Identity and Ancestry

Takao Tanabe and his sister, Meiko, in Seal Cove, B.C., 1937, photographer unknown.
Fishermen’s Reserve rounding up Japanese Canadian fishing vessels in Steveston, B.C., December 10, 1941, photograph by the Canadian Department of National Defence, Library and Archives Canada, Ottawa.

Takao Tanabe’s early childhood was spent in Seal Cove, a small fishing village in British Columbia that was a predominantly Japanese Canadian community throughout the 1920s and 1930s.
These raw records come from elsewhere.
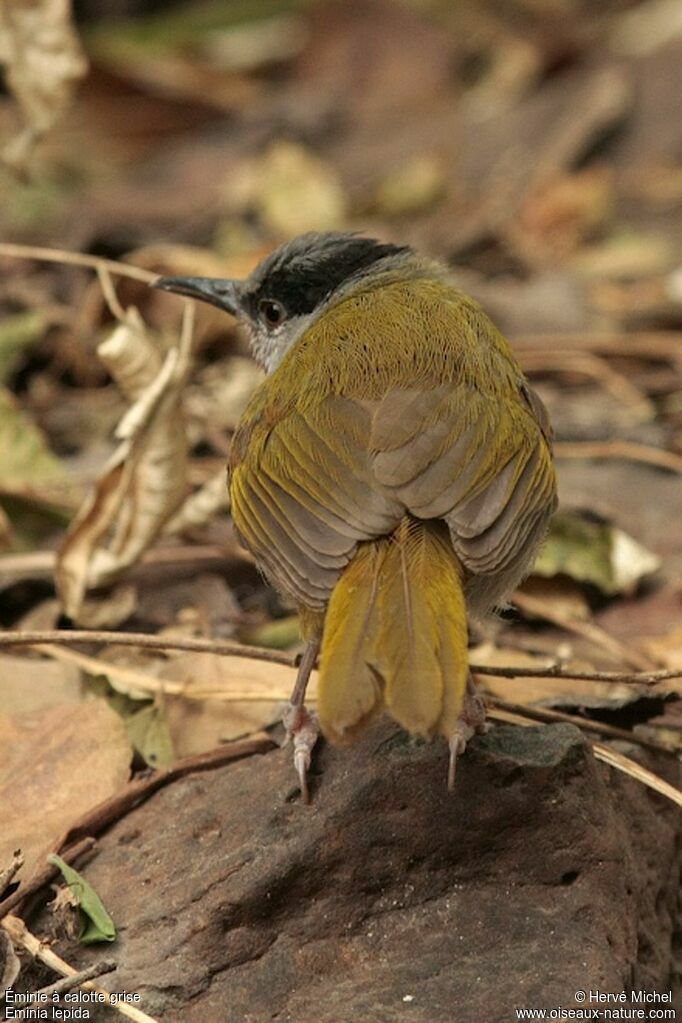 Grey-capped Warbleradult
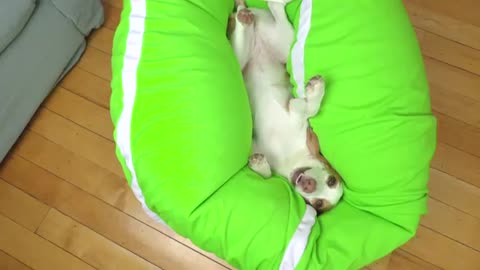 Puppy Gets Giant Tennis Ball Surprise- Cute Puppy Dog Indie Gets Epic Ball Pit w-Tennis Balls!
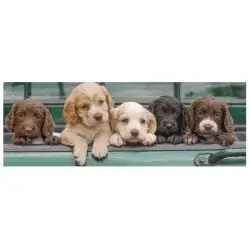 Dino - Puzzle 150 - 500 Τεμ. :: ΚΟΥΤΑΒΙΑ ΧΑΡΙΤΩΜΕΝΑ 150 TEM. PANORAMIC ΠΑΖΛ Dino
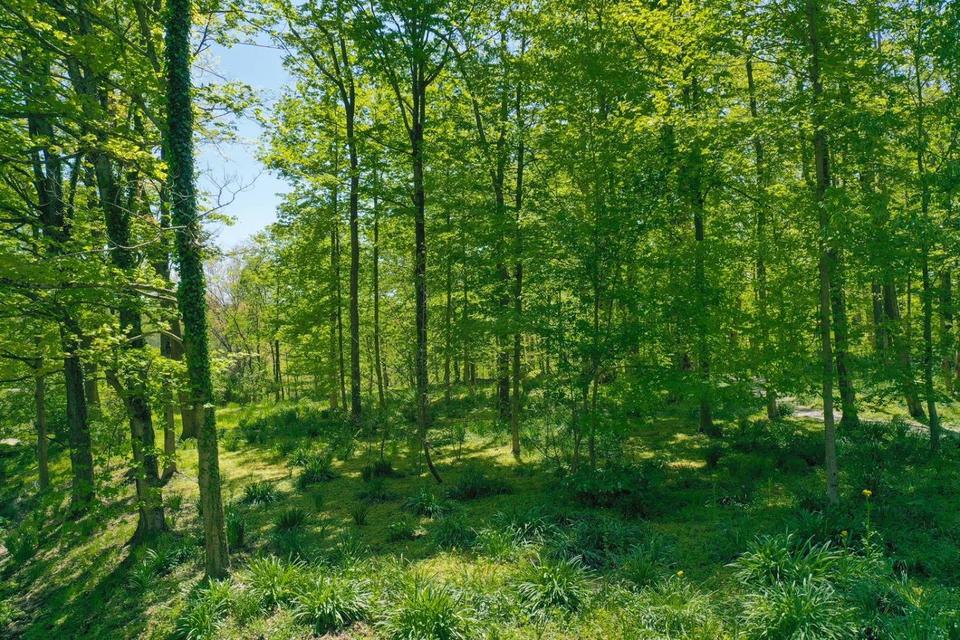  6000 Redbird Hollow Ln, Cincinnati, OH 45243 photo 58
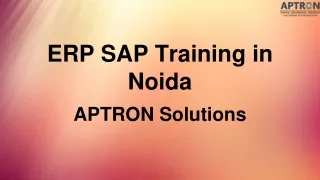 ERP SAP Training in Noida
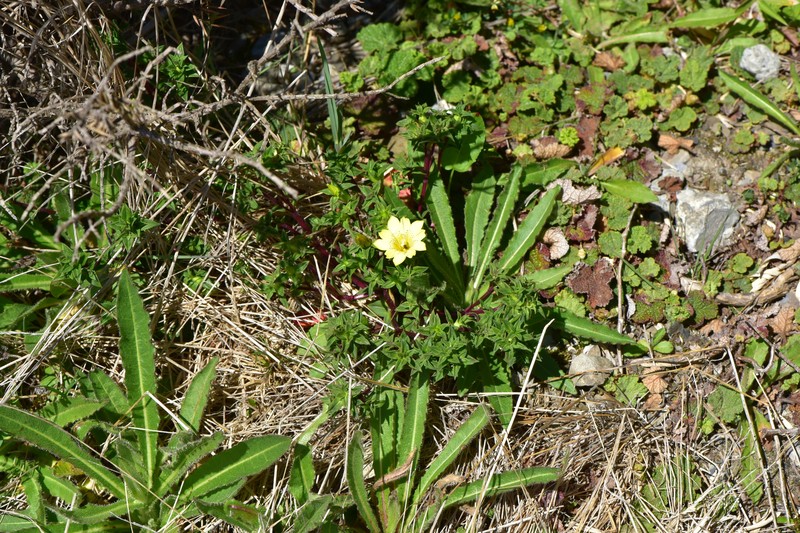 Gentiana scabrida subsp. scabrida photo 2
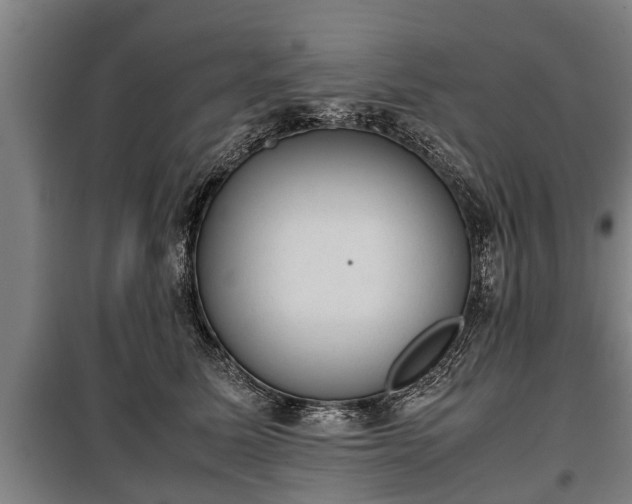 X0000100190611200806061300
In 1937, at the age of eleven, Tanabe moved to Vancouver with his family, where they lived until they were forcibly relocated inland during the Second World War along with more than 22,000 other Japanese Canadians on the West Coast. The wrenching events of Tanabe’s internment in the Lemon Creek camp throughout the war exposed him to overt racism that affected every aspect of his life and his family. His identity as a Canadian citizen was suddenly called into question and he had to reassess his place in the world.

 

Born and raised in Canada, Tanabe did not consider himself Japanese despite his ancestry. However, the experience of forced relocation and internment suddenly made him consider his role as the “Other.” Like many other nisei, or “second generation” Japanese Canadians (many of whom were youths during the war), Tanabe has held complicated feelings about his heritage and his experience of the internment. He was not encouraged by his parents to speak Japanese, nor was he encouraged to learn about Japanese cultural traditions. In turn, he has often vocally resisted the labelling of his art with ethnic or cultural signifiers.

 

Reflecting on his interaction with Tanabe while organizing the 1987 exhibition Shikata Ga Nai: Contemporary Art by Japanese Canadians at Hamilton Artists Inc., curator and artist Bryce Kanbara (b.1947) notes: “When I asked Takao Tanabe to take part, he replied, ‘It is not the most thrilling idea, another ethnic grouping…. You give no cogent reason for organizing such an exhibition at this time, is there any?’  Despite this response, Tanabe did send Kanbara a painting to be included in the show.

 

Installation view of Shikata Ga Nai: Contemporary Art by Japanese Canadians at the Burlington Cultural Centre, 1987 (Foreground: Louise Noguchi, History can kill you, 1984–85), photographer unknown.
Exterior view of the Hamilton Artists Co-op (now called Hamilton Artists Inc.), c.1976, photograph by James A. Chambers.

 

Early in his career, Tanabe began to travel extensively, spending time in New York and Banff and roaming all over Europe. These travels allowed him to produce a significant body of work—notably including drawings like Moni Vatopedi, Mount Athos, 1955—but they did not influence critical thinking about his identity. Still, as early as 1953, when he was creating abstract works, Tanabe’s teacher and mentor Joseph (Joe) Plaskett (1918–2014) remarked that Tanabe was beginning to develop a painting style that had “entered a region of calligraphy,” which Plaskett attributed to “Tanabe’s Japanese ancestry.

 

Takao Tanabe, Near the Sea, 1960, sumi ink on paper, 46.9 x 90.8 cm, Nikkei National Museum & Cultural Centre, Burnaby.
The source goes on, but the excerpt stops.